# List of Fish for Planted tank



## koldsoup (Feb 21, 2011)

There are lots of fish that can go into your tank, especially since it is so large. There are so many possibilities.

What are you looking for? schools? You should definitely get a school of cories for the bottom.


----------



## HiepSTA (Aug 23, 2011)

community fish, no cichlids (aside from discus)


----------



## Kathyy (Feb 22, 2010)

This sounds like a landscape type scape fish swim over rather than a jungle scape fish would be swimming though. I think smaller fish would be more effective. Definitely a big school of corys, they will love swimming through the sags. I would keep to the sort of size fish for the mid water school. Maybe one of the blue eyed rainbows? Not too small but in better scale than something like the large rainbows or congo tetras.


----------



## comet (Jun 10, 2006)

My personal favorites are Rummy nose tetras/Hemigrammus rhodostomus, and Harlequin Rasboras/Trigonostigma heteromorpha. There are so many nice fish to choose from!

Make a list of what you would like to have. But, make sure they are compatible with each other! Drs. Foster and Smith's website has a compatible list to help you with this. Or just research the fish you want to try and find this answer.
And if you're not sure, just ask. 

Can any other members recommend a compatibility list to go by?


----------



## Razorworm (Jul 24, 2011)

Harlequin Rasboras, Sterbi corys, Marbled Hatchets ...all good sized schools and a mess of Amanos is where I would start. Big tank, big possibilities :hihi:


----------



## the4x4hoss (Sep 5, 2011)

My 135gal houses 8 corys, 5 otos, 10 serape tetras, 9 tiger barbs, 9 harlequin rasboras and there is still plenty of room for fish. With a large tank you have a lot of possibilities.

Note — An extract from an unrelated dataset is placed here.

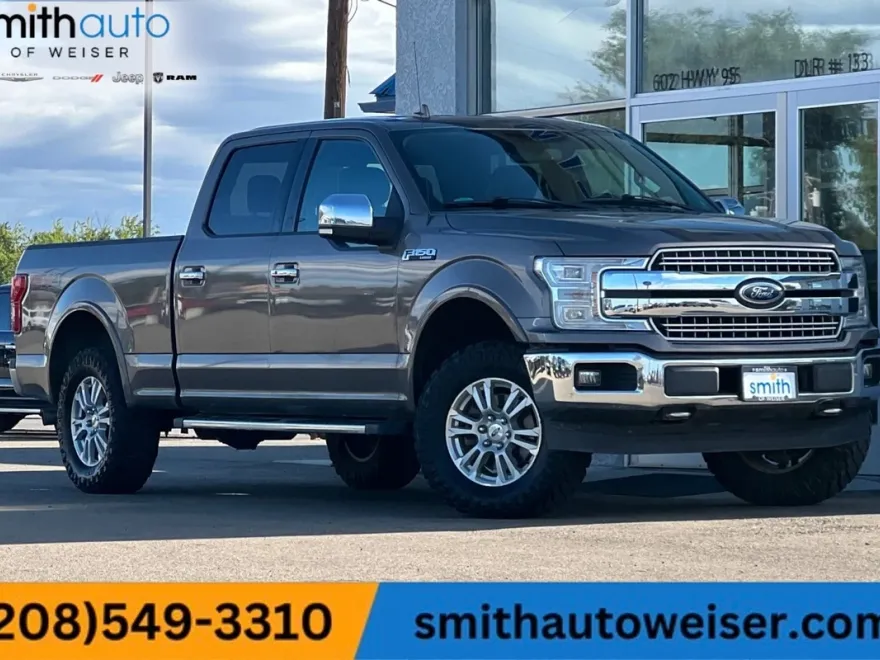 2018 Ford F-150 Lariat photo 1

You should definitely have a good cleaning crew: corys, otos, snails, shrimp. (many species to choose from for all but the otos.)

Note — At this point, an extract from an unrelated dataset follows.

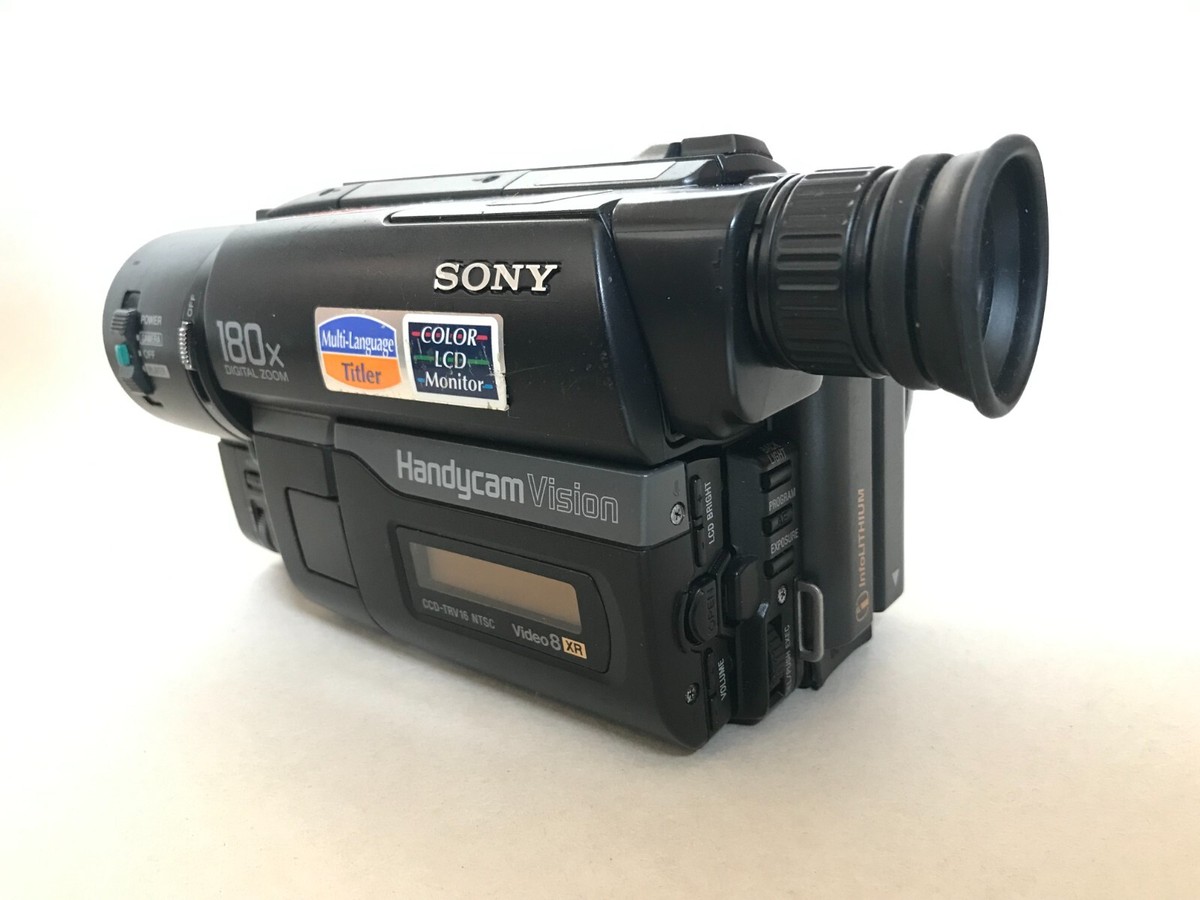 SONY Handycam CCD -TRV16 VIDEO CAMERA RECORDING | eBay SONY Handycam CCD -TRV16 VIDEO CAMERA RECORDING | eBay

And anything else that appeals to you.

Tiger Barbs nip fins of slow moving fish but stick to their selves in schools of 8 or more.
Rasboras are peaceful schooling fish.
Most tetras(neon, cardinal, rummynose, etc.) are peaceful and school beautifully.
Cloud Minnows, Danios, Rainbowfish, German Rams, Gouramis, Hatchets are all good choices IMO.


----------